(Data records):
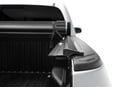 Picture of Truxedo Sentry Hard Roll-Up Cover - 8 ft. Bed- w/out Deck Rail System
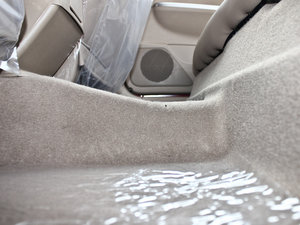 20131.5L Ԅ(dng)(jng) g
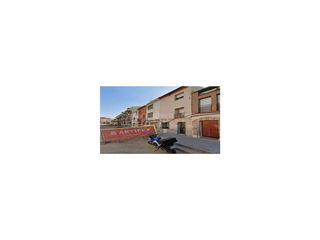 Solar en venta en Olesa de Montserrat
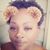 Ebony Cypress's profile image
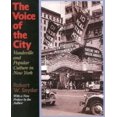thumbnail image 1 of Voice Of The City, 1 of 4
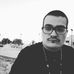 Jacob Puente - Facebook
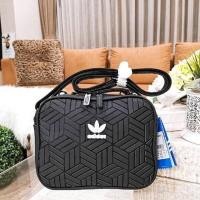 ราคา แท้% Adidas Originals 3D Mini new item (2277921155)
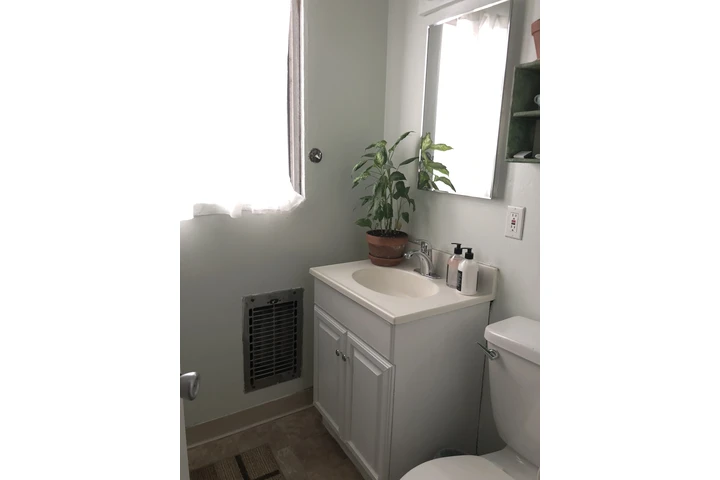 $900 : Rento cuarto image 5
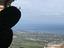 Immagine 5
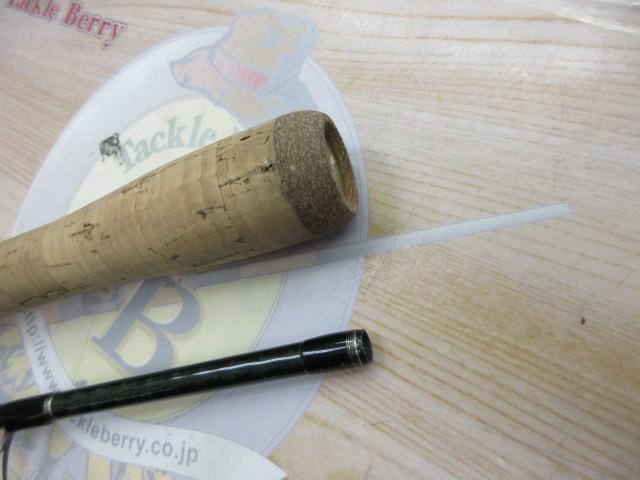 05カーディフXT 83ML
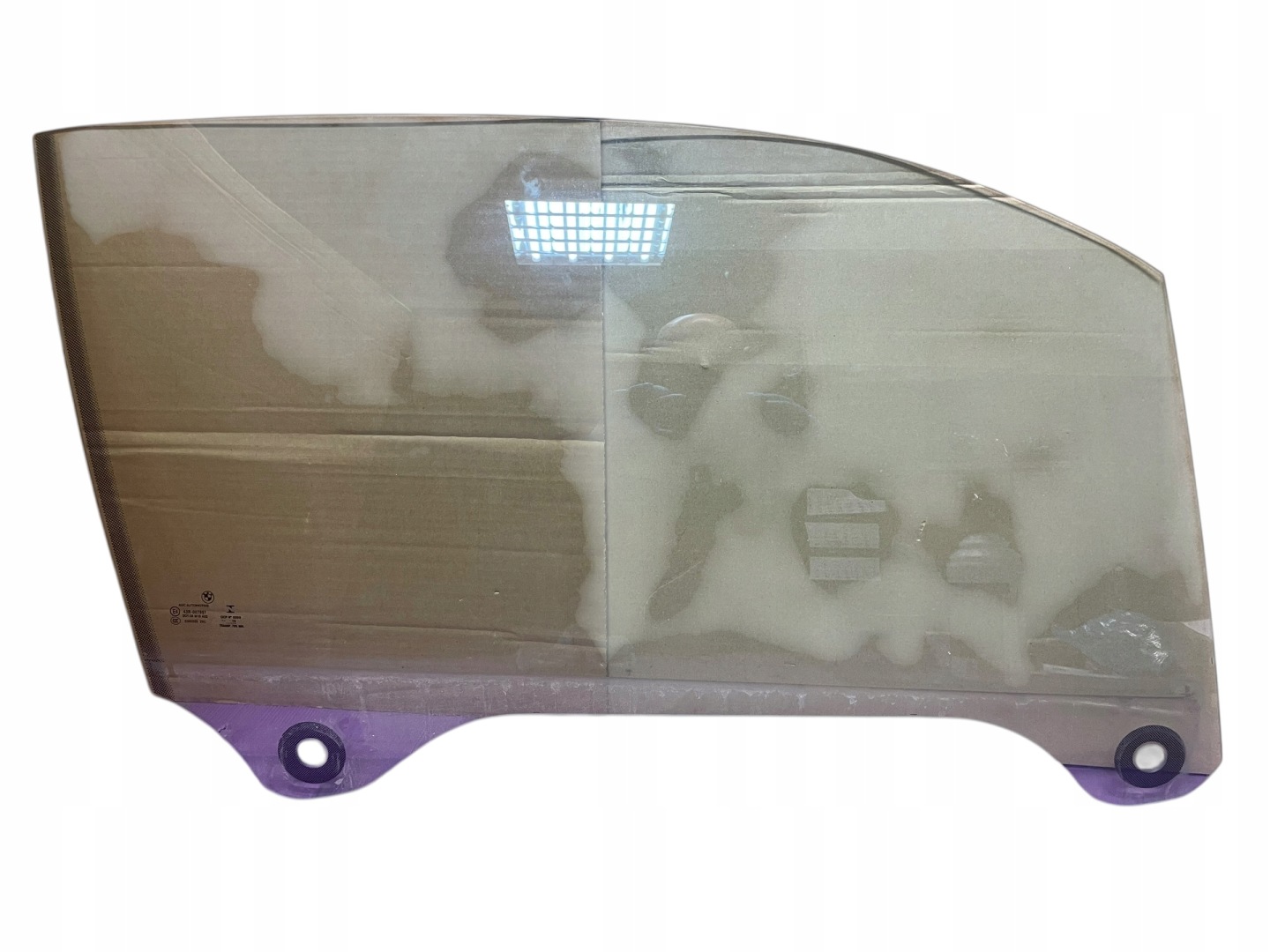 window door right front BMW i3 I01 2013R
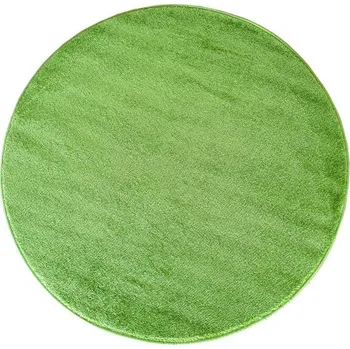 Koberec Koberec Portofino zelený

(The problem): Restate the listing word for word and drop the pictures.

(Exercise response):
 Picture of Truxedo Sentry Hard Roll-Up Cover - 8 ft. Bed- w/out Deck Rail System
 20131.5L Ԅ(dng)(jng) g
 Solar en venta en Olesa de Montserrat
 Ebony Cypress's profile image
thumbnail image 1 of Voice Of The City, 1 of 4
 Jacob Puente - Facebook
 ราคา แท้% Adidas Originals 3D Mini new item (2277921155)
 $900 : Rento cuarto image 5
 Immagine 5
 05カーディフXT 83ML
 window door right front BMW i3 I01 2013R
 Koberec Koberec Portofino zelený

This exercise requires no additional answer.